Children love it when you take them seriously and this book really does. Recommended.

3  Kuwi & Friends Māori Picture Dictionary by Kat Merewether & Pania Papa (Illustrated Publishing, $35, 4+)

A resource that’ll grow with your kids – toddlers will endlessly play “find the tūī”, while older ones will use it when they’re stuck on a word – and it’ll look splendid on your bookshelf, too.

4  The Pōrangi Boy by Shilo Kino (Huia, $25, 10+)
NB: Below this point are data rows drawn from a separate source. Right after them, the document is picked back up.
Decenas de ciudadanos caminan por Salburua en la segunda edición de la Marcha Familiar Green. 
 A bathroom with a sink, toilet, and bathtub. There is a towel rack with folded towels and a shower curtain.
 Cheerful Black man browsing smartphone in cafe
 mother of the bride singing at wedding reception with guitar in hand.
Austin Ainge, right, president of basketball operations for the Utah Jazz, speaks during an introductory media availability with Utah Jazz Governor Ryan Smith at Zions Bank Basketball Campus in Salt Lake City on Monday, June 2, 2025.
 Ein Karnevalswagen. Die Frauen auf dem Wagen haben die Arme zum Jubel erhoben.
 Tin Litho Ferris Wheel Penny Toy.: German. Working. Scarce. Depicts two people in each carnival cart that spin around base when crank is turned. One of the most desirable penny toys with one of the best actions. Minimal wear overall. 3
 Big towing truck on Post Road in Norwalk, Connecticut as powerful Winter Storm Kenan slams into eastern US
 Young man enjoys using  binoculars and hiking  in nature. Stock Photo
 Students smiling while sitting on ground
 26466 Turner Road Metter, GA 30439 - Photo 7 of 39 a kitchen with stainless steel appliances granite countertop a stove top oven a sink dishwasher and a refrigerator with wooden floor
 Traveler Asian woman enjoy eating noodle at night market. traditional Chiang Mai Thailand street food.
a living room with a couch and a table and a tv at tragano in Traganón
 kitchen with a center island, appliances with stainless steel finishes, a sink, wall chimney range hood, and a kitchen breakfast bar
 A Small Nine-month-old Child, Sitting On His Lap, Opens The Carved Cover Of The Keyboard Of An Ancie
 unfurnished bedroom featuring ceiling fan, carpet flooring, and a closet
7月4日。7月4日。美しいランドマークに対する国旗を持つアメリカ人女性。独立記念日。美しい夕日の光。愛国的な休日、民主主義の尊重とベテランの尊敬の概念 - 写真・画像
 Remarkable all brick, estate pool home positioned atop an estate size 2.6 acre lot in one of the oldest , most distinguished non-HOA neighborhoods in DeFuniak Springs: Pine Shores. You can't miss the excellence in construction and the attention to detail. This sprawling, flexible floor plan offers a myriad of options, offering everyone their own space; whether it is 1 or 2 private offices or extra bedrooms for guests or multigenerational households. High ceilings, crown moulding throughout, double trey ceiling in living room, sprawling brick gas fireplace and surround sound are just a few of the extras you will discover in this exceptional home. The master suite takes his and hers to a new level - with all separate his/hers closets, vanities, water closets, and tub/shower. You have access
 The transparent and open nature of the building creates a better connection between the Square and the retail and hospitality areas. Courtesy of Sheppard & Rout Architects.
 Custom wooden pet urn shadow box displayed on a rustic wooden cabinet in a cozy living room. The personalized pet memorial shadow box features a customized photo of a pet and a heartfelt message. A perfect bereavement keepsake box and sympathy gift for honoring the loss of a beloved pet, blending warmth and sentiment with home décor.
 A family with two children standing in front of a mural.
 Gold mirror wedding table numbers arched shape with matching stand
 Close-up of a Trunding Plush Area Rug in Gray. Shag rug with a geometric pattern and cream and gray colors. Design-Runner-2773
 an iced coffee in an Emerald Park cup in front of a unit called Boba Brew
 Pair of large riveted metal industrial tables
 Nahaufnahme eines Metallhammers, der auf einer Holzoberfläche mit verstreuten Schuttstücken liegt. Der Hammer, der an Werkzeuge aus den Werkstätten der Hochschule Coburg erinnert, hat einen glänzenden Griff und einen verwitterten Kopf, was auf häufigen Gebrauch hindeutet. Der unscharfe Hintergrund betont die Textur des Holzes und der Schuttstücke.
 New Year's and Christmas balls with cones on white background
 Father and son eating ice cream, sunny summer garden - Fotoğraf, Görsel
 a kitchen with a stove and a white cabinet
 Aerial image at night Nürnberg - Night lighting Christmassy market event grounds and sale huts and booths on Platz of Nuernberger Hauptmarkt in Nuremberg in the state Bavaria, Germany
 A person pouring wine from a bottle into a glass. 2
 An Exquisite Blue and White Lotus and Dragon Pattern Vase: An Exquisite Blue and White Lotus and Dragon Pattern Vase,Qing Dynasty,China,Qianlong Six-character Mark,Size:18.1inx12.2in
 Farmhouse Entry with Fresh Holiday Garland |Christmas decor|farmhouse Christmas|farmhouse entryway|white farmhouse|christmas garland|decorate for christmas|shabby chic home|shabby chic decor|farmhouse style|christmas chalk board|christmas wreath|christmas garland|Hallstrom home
Kino won the YA category of the New Zealand Book Awards for Children and Young Adults with this debut. We very much hope she has another in the works.

5  Shadow and Bone Box Set by Leigh Bardugo (Hachette, $40, 13+)

A big boost thanks to the Netflix series.

6  Roald Dahl: Revolting things to Touch and Feel by Roald Dahl, illustrated by Quentin Blake (Puffin $21, 1+)

If you have a toddler you’ve touched many more revolting things. Still, this tactile board book is a nice change from the fluffy duck-tummies and shiny dog-noses that dominate the genre.

7  Rescuing Titanic: A Tale of Quiet Bravery in the North Atlantic by Flora Delargy (Wide Eyed Press, $23, 11+)

“This exquisitely illustrated story of quiet bravery tells in rich detail how the little ship Carpathia saved 705 passengers of the Titanic from the icy waters of the North Atlantic” – the publishers.

8  My First Words in Māori Flash Cards by Stacey Morrison (Puffin, $25, 3yrs – adults)

Please picture me holding up flashcards:




9  In Our Own Backyard by Anne Kayes (Bateman, $22, 13+)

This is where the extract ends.